The IG 'Geology & Geophysics' (I3G) within the framework of NFDI4Earth addresses the growing digital requirements of the individual disciplines and sub-disciplines within geological and geophysical sciences. The I3G focuses on the data infrastructure needs of scientists and engineers who are open to share their data and software developments across disciplinary boundaries.
1. Data Queries focusses on improving metadata schemes on information systems and archives, as well as fuzzy search algorithms, spatial queries and queries referring to time-depth-litho relationships.
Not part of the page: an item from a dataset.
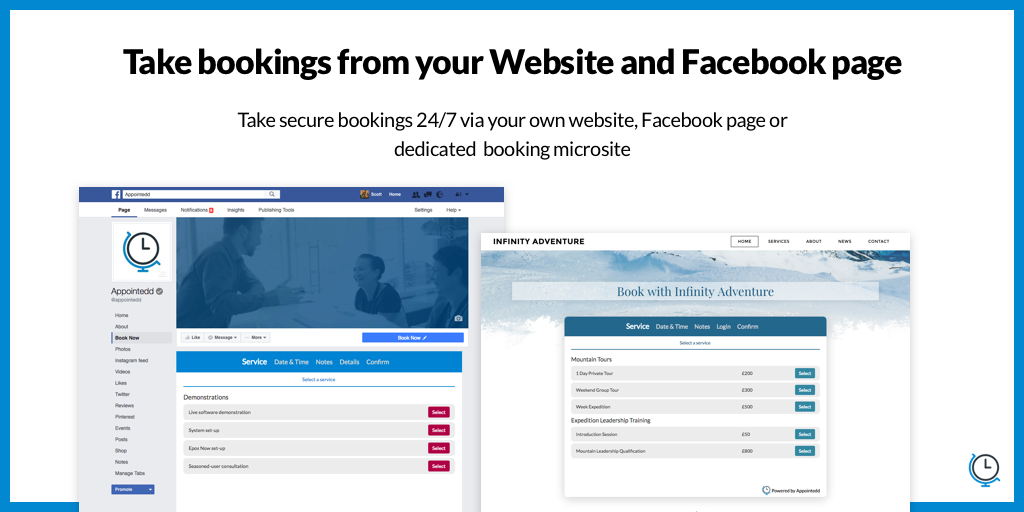 5 - Facebook + Booking App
This topic will tackle the consequent implementation of DOIs, ORCIDs and other national or international persistent identifiers in repositories. It has strong links to INSPIRE, OGC-CWS, OWL, RDF and Open Science initiatives.
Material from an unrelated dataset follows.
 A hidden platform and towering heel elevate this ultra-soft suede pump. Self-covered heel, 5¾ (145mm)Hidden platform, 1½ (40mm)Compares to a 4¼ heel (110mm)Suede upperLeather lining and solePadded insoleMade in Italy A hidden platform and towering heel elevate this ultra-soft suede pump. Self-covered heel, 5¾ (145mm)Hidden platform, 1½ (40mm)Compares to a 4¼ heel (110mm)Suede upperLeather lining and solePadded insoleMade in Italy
2. Data Services will tackle standardization issues for interoperability, develop algorithms for data visualization, selection, including innovative concepts such as 3D subsurface data services, ontologies, artificial intelligence and machine learning.
3. Data Formats and Vocabularies covers all efforts in establishing, improving and promoting Open Data formats for geoscientific data. For example, the BoreholeML markup language developed by the Geological Surveys in Germany is successfully used for the exchange of borehole data. However, other exchange formats also exist (e. g. GeoSciML, SEP-3 etc.) and conversion tools need to be developed. Other examples are vocabularies (e.g. LithoLex of the German Geological Survey BGR). Connecting such vocabularies to information systems or databases would significantly increase their usefulness.
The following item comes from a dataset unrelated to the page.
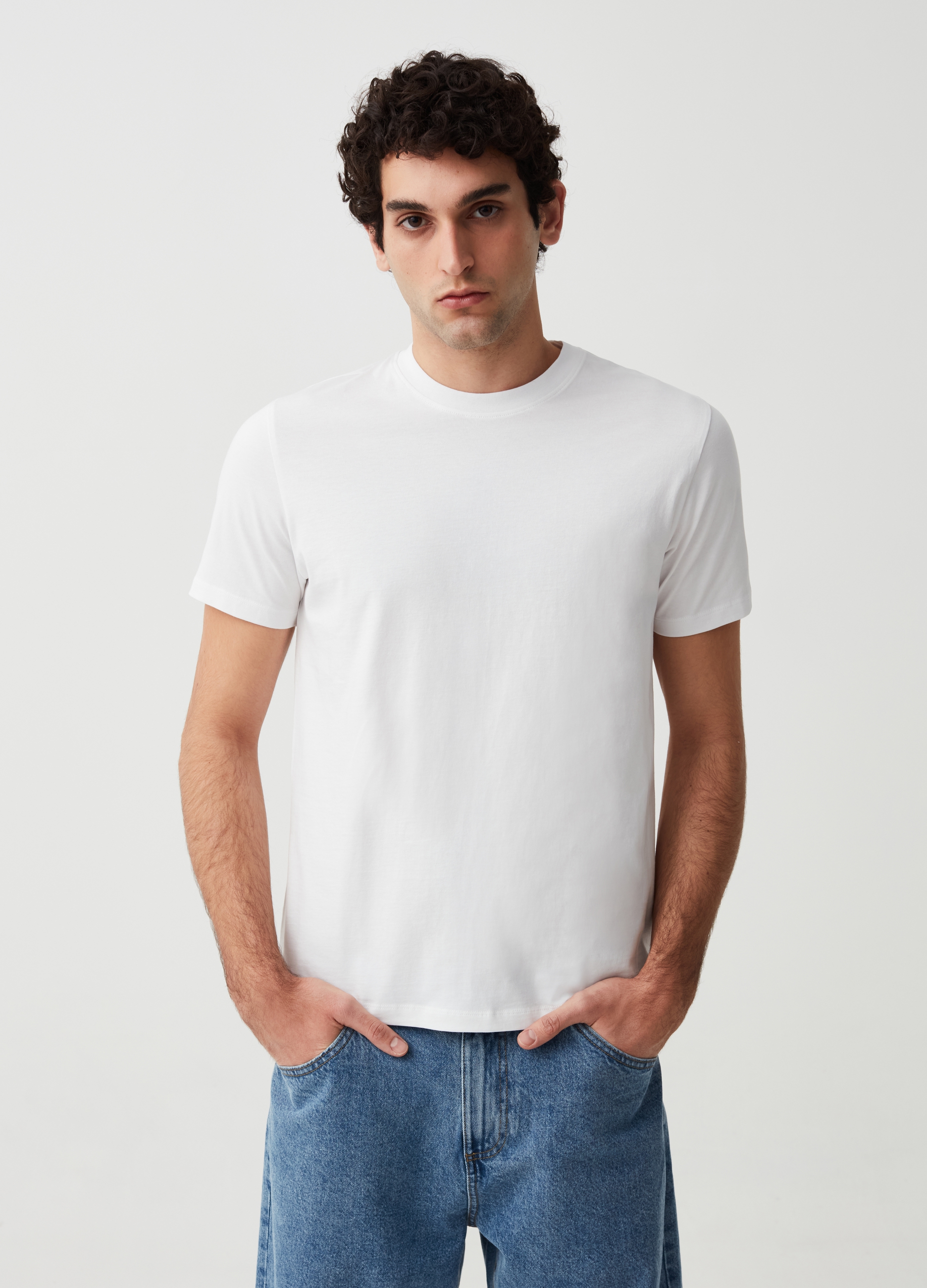 OVS , T-shirt Girocollo In Cotone Bio, Uomo, Bianco, Taglia: L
4. Analytics will develop data analytics frameworks for data curation and processing. Envisioned use cases are for instance geostatistics, parallel simulations or the introduction of knowledge discovery and machine learning or artificial intelligence approaches for optimized or (semi-)automated seismic data interpretation and attribute analysis. Another field of interest is the development of artificial intelligence algorithms for the interpretation of logs and time series.
5. Analogue to Digital focuses on imaging methods to rock and mineral samples as well as outcrops and their inclusion in digital collections (e.g. IGSN, OutcropWizard). Machine learning algorithms could be applied to scanned logs and seismic recordings in order to decipher analogue data resources. The objective is to preserve data and knowledge about the subsurface.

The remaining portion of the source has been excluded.